MINI has released pricing for its 2011 lineup, including the initial pricing for the all-new 2011 MINI Cooper Countryman crossover. The premium compact automaker has elected to introduce small increases across the board for each of its existing models, riding on a wave of popularity that has seen the brand weather the current recession quite well despite the falling sales of some of its competitors. While the price increases are not enormous - each bump in MSRP falls in the $600 to $750 range - their effect stretches beyond mere numbers for the BMW-owned subsidiary and points to the philosophy now guiding the MINI brand.

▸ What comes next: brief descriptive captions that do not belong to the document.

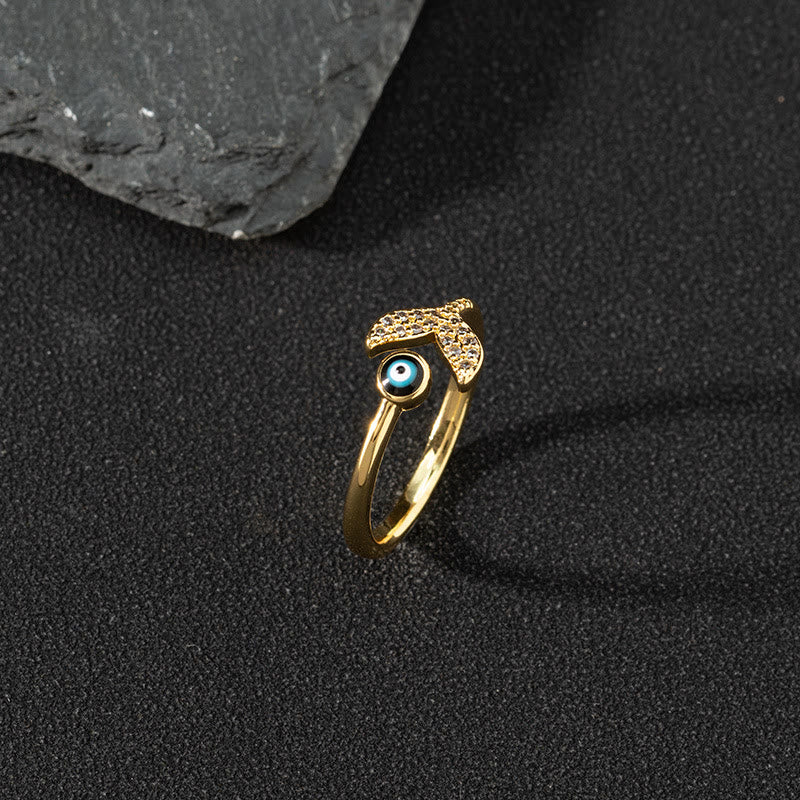 Bague ajustable Olivenorma en zircon blanc avec mauvais œil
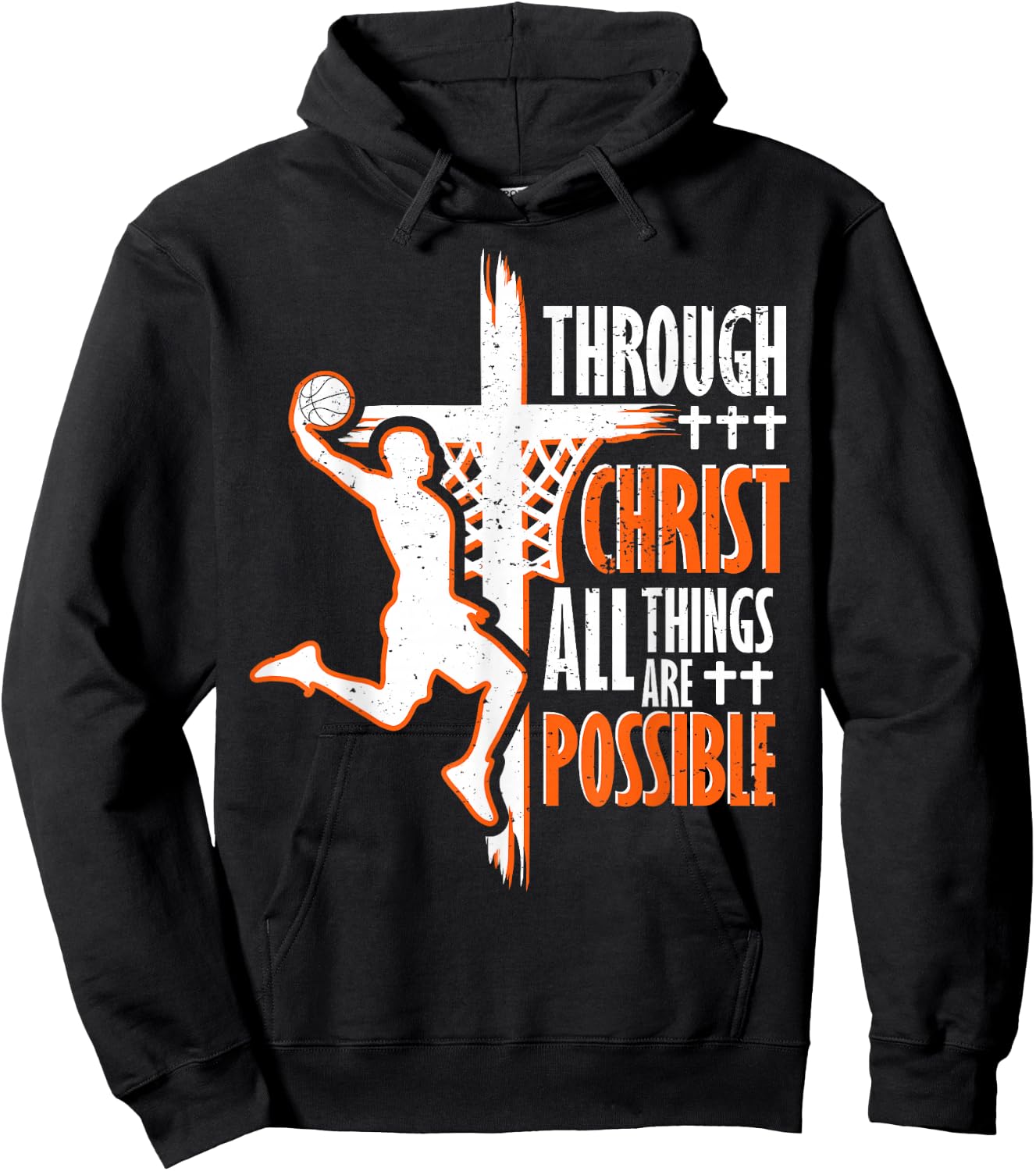 Christian Basketball Jesus Christ Basketball Religious Funny Hoodie - Hoodie | Black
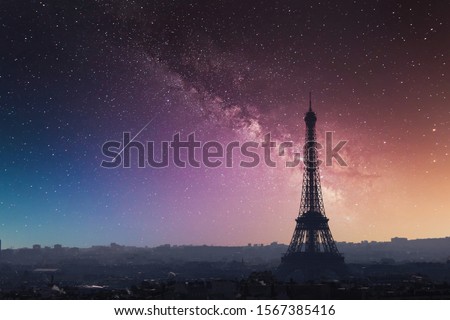 eiffel tower in Paris isolated on colorful background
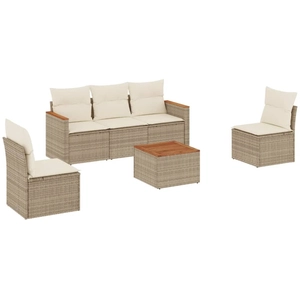 vidaXL Salon de jardin avec coussins 5 pcs beige résine tressée pas cher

Perhaps most important is the fact that buyers purchasing a base 2011 MINI Cooper hardtop coupe buyers must now shell out $20,100. The MINI Cooper has finally crested the $20,000 barrier, and after starting at an MSRP of $19,500 for 2010 this pushes the pint-sized compact car into another universe for cost-conscious new car shoppers. Driving home in the 2011 MINI Cooper Clubman wagon demands a payment of $21,800, while the 2011 MINI Cooper convertible checks in with an MSRP of $25,550.
MINI also makes high performance S editions of each of these vehicles available for an additional charge, introducing sport-spec suspensions and more powerful engines to entice buyers to part with additional hard-earned dollars. The price of admission to the MINI Cooper S experience is a $3,000 to $3,600 premium for those interested in the 2011 MINI Cooper S convertible (MSRP $28,550) and the 2011 MINI Cooper S hardtop (MSRP $23,700). The MINI Cooper S Clubman extracts an extra $100, costing more than $3,700 over the base MINI Cooper Clubman (MSRP $25,550).

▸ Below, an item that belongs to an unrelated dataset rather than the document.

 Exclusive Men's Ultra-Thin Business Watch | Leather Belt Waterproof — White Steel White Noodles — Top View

The 2011 MINI Cooper Countryman offers the greatest range of potential pricing thanks to the availability of both an S edition and an all-wheel drive configuration. According to Inside Line, the base 2011 MINI Cooper Countryman MSRP is $22,350, which puts the crossover just above the entry-level Clubman. Upgrading to the 2011 MINI Cooper S Countryman brings with it a new price tag of $25,950, while the top of the line MINI Cooper S Countryman ALL4 (featuring all-wheel drive) boasts an MSRP of $27,650.

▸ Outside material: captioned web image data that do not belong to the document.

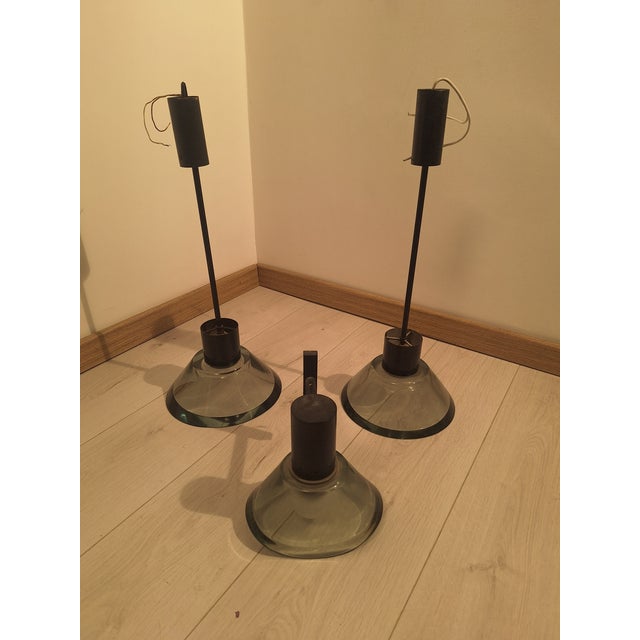 Mid-Century Modern Chandeliers and Wall Lamp in Smoked Glass by Flavio Poli for Seguso, 1960s, Set of 3 For Sale - Image 3 of 5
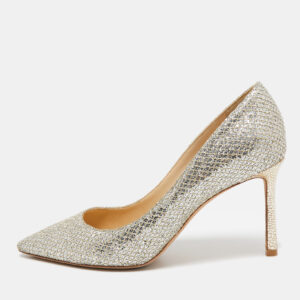 Jimmy Choo Gold/Silver Lurex Fabric Romy Pumps Size 35.5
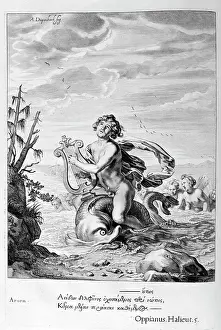Greek Prints: Greek mythology: Arion an Dionysiac poet credited with inventing the dithyramb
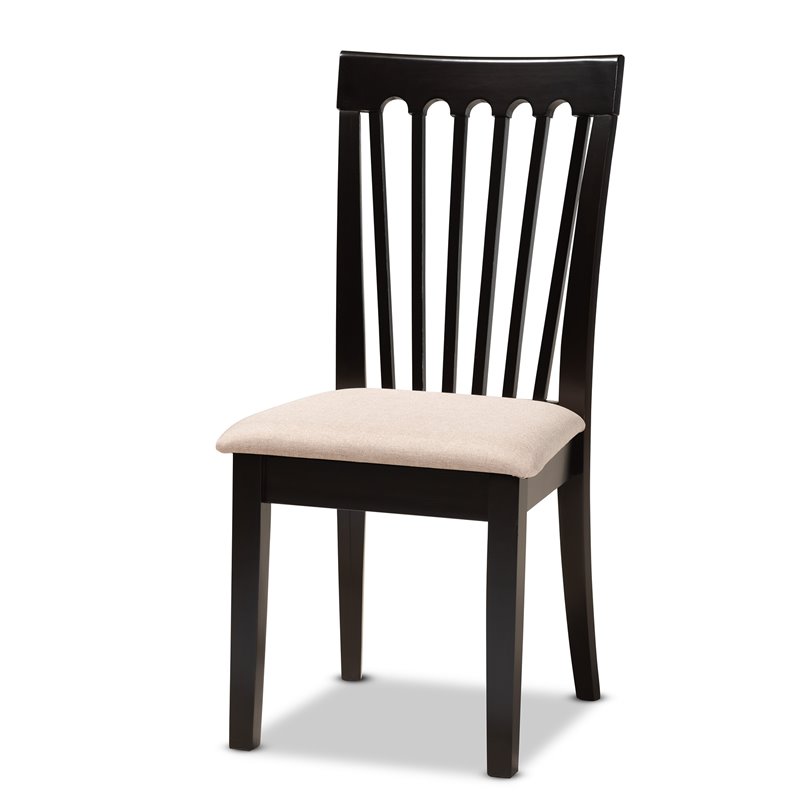 Bowery Hill Sand Fabric Upholstered Wood 7-Piece Dining Set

The decision to push the MINI brand further up-market is evident not just from the lack of a sub-$20k model in the 2011 lineup, but also by taking a look at the options and packages available on most MINI vehicles. For S models in particular, it is not difficult to add items such as navigation, a Premium package bundling together a sunroof, automatic climate control and an upgraded stereo system, or an automatic transmission and eventually arrive at a $30,000 sticker price. This is rarefied air for any compact car, even one backed by MINI's cachet, and at this price point potentials buyers could begin to cross-shop the vehicle against some more competitive luxury or sporty options from a wide variety of automakers.
MINI has managed to find its niche and dominate it for the past decade, taking on all premium compact car comers and emerging the victor at the end of each model year in terms of sales and profits. This new trend of moving prices on up into territory staked out by well-established brands could result in a wake-up call for the car company that might convince the powers that be to once again focus on the entry-level premium segment that has served the company so well for so long.